EXERCISE OBJECTIVE >> Your output should be the lines below from the one holding "Yogurt with apricot and pistachios" through the one holding "Modelo con playera", transcribed exactly, with no pictures.

STORED DATA >>
======
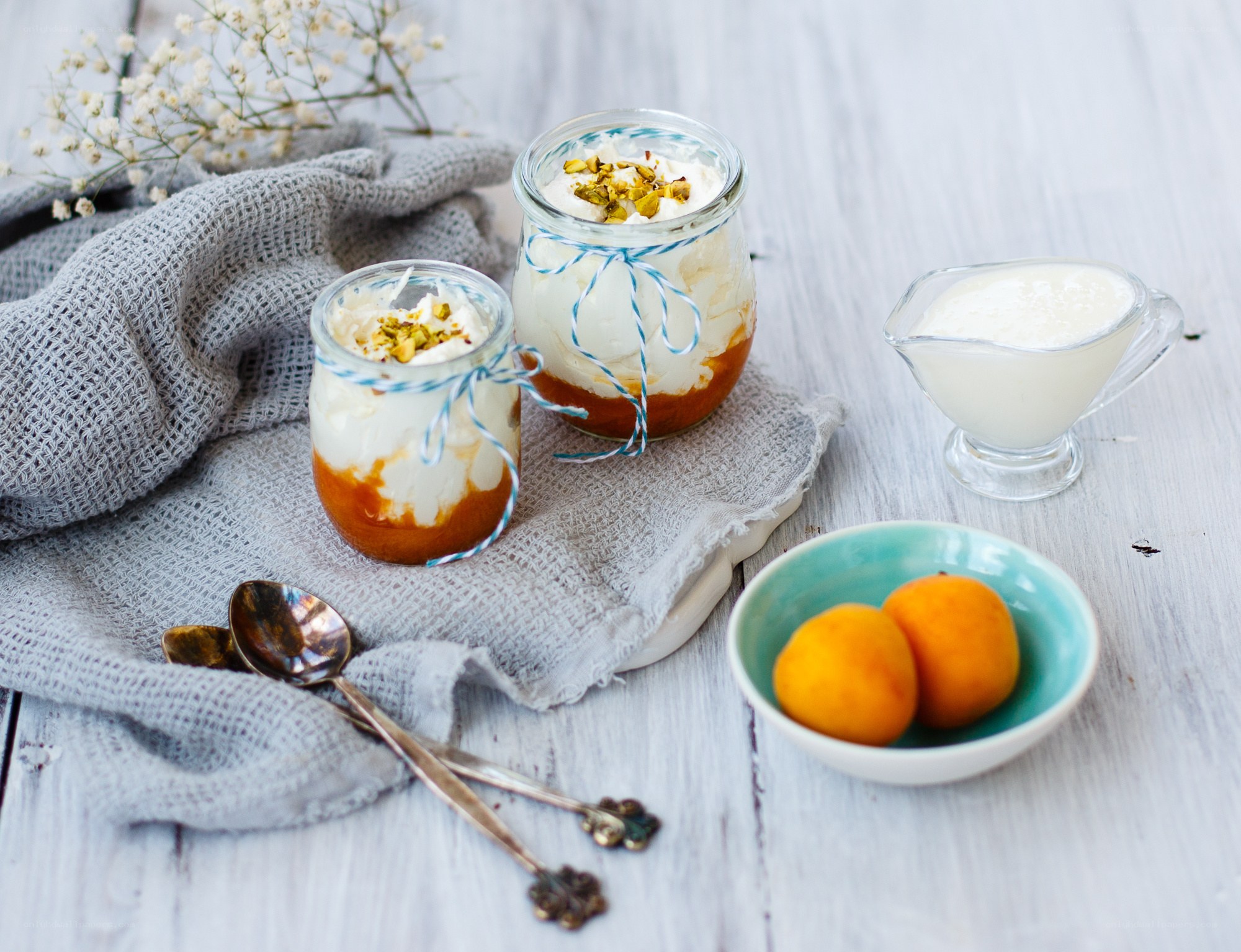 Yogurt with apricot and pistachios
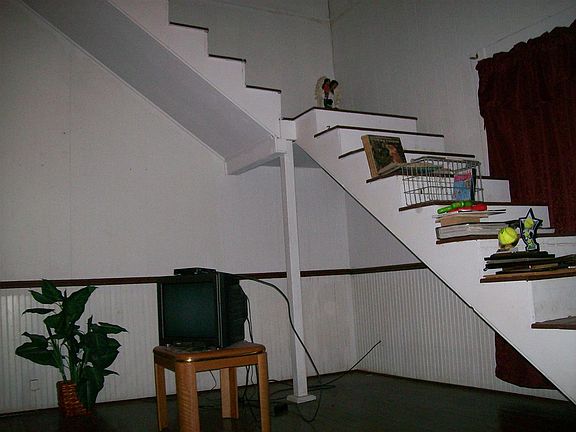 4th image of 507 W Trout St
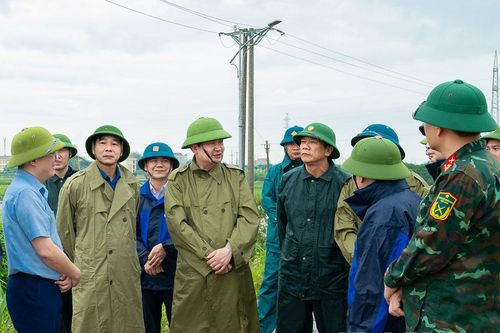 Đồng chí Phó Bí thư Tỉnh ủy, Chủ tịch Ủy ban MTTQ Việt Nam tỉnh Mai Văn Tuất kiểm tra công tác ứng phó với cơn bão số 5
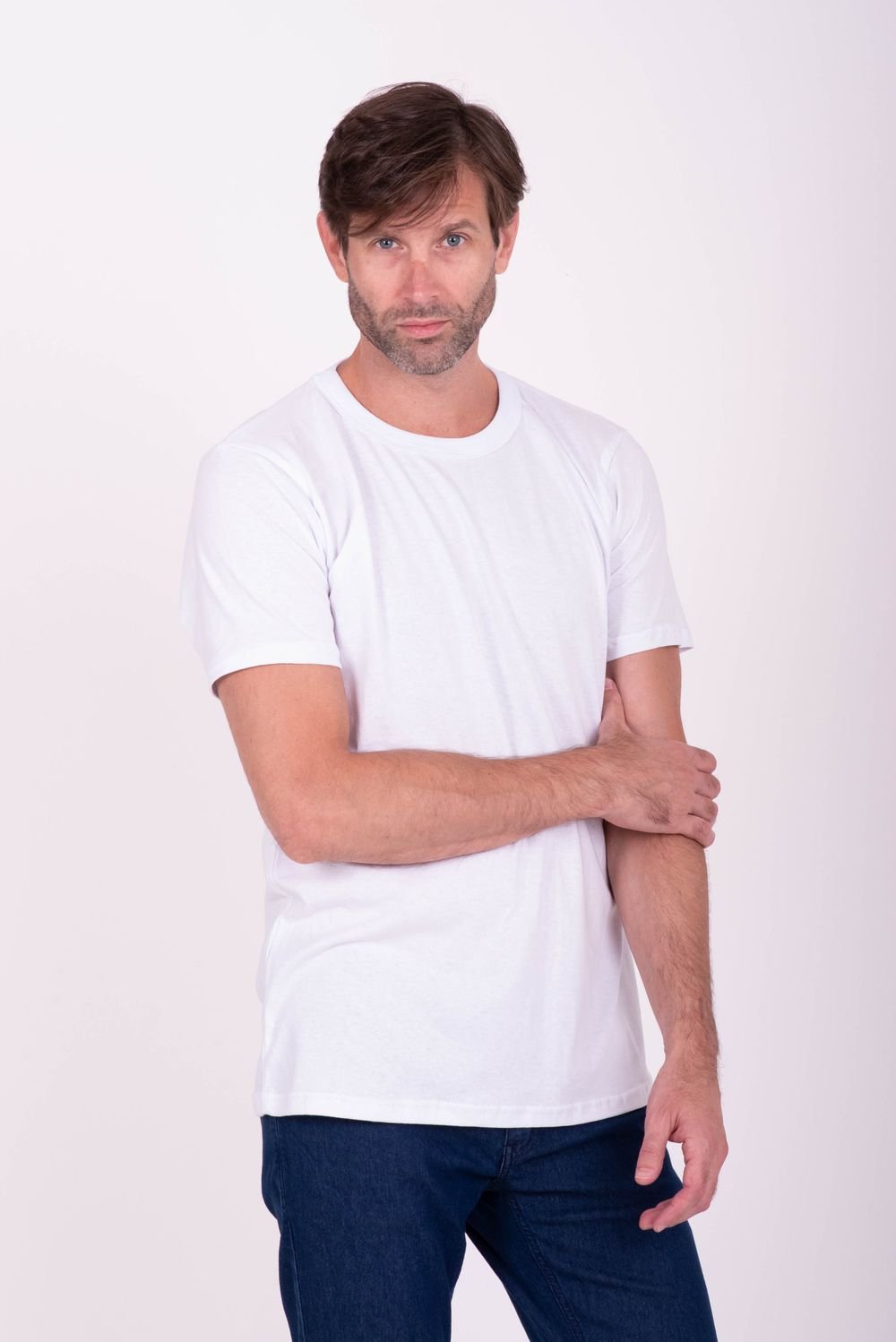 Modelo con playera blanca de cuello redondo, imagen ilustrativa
======
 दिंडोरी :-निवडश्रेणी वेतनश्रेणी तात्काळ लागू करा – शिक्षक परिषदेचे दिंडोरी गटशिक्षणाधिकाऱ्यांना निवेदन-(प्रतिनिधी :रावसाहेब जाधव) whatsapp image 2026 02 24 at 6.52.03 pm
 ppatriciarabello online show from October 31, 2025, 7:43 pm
======
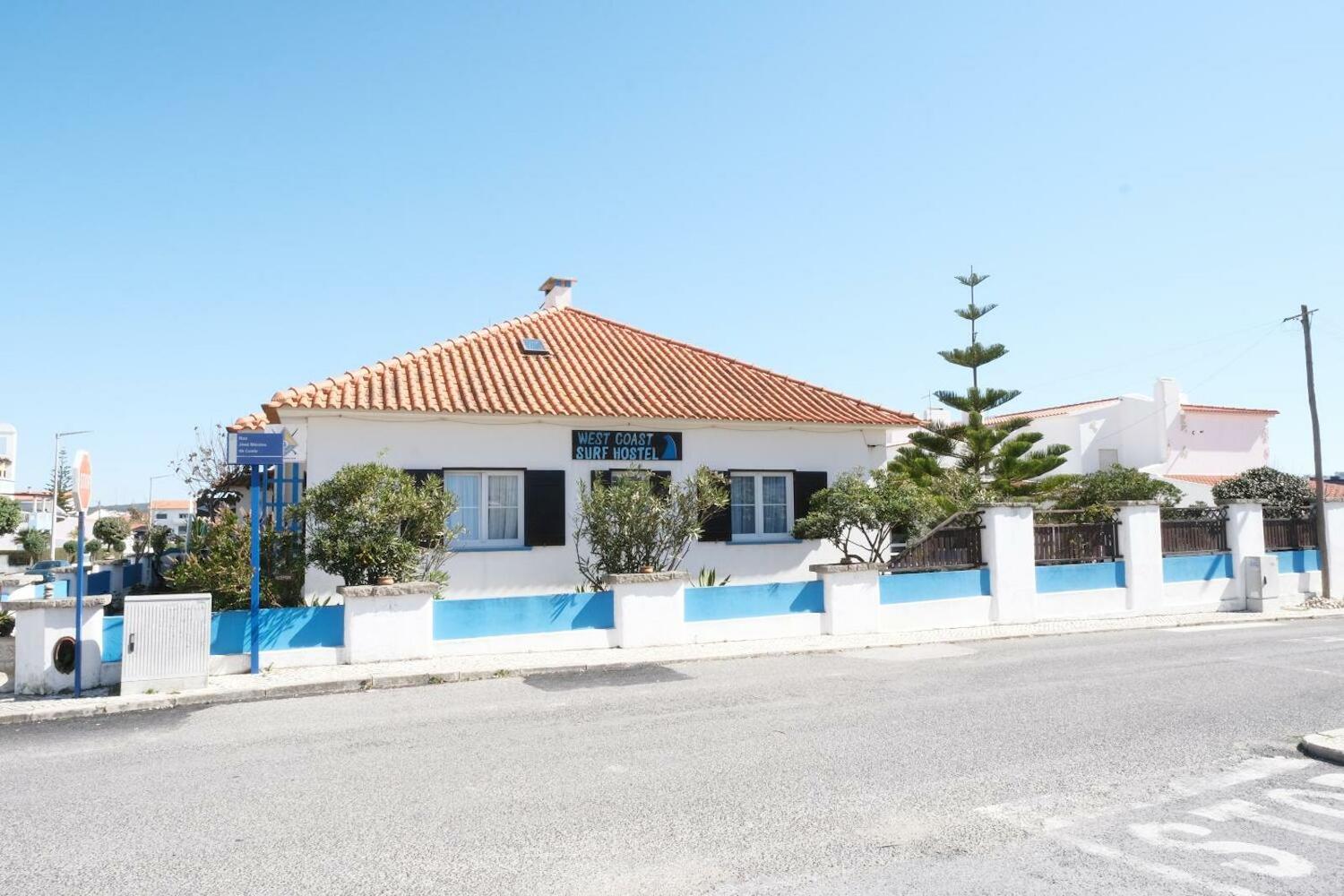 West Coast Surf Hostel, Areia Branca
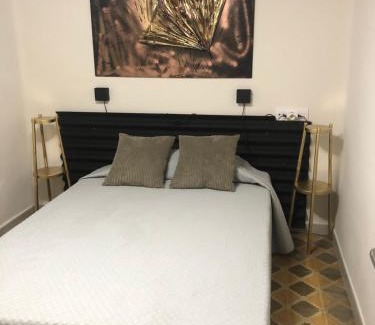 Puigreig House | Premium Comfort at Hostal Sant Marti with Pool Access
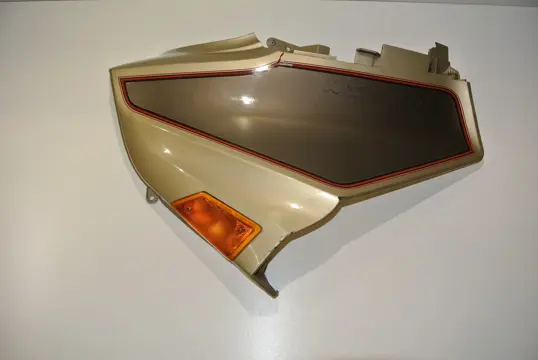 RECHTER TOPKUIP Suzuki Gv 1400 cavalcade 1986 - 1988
======
EXPECTED ANSWER >>
 Yogurt with apricot and pistachios
 4th image of 507 W Trout St
 Đồng chí Phó Bí thư Tỉnh ủy, Chủ tịch Ủy ban MTTQ Việt Nam tỉnh Mai Văn Tuất kiểm tra công tác ứng phó với cơn bão số 5
 Modelo con playera blanca de cuello redondo, imagen ilustrativa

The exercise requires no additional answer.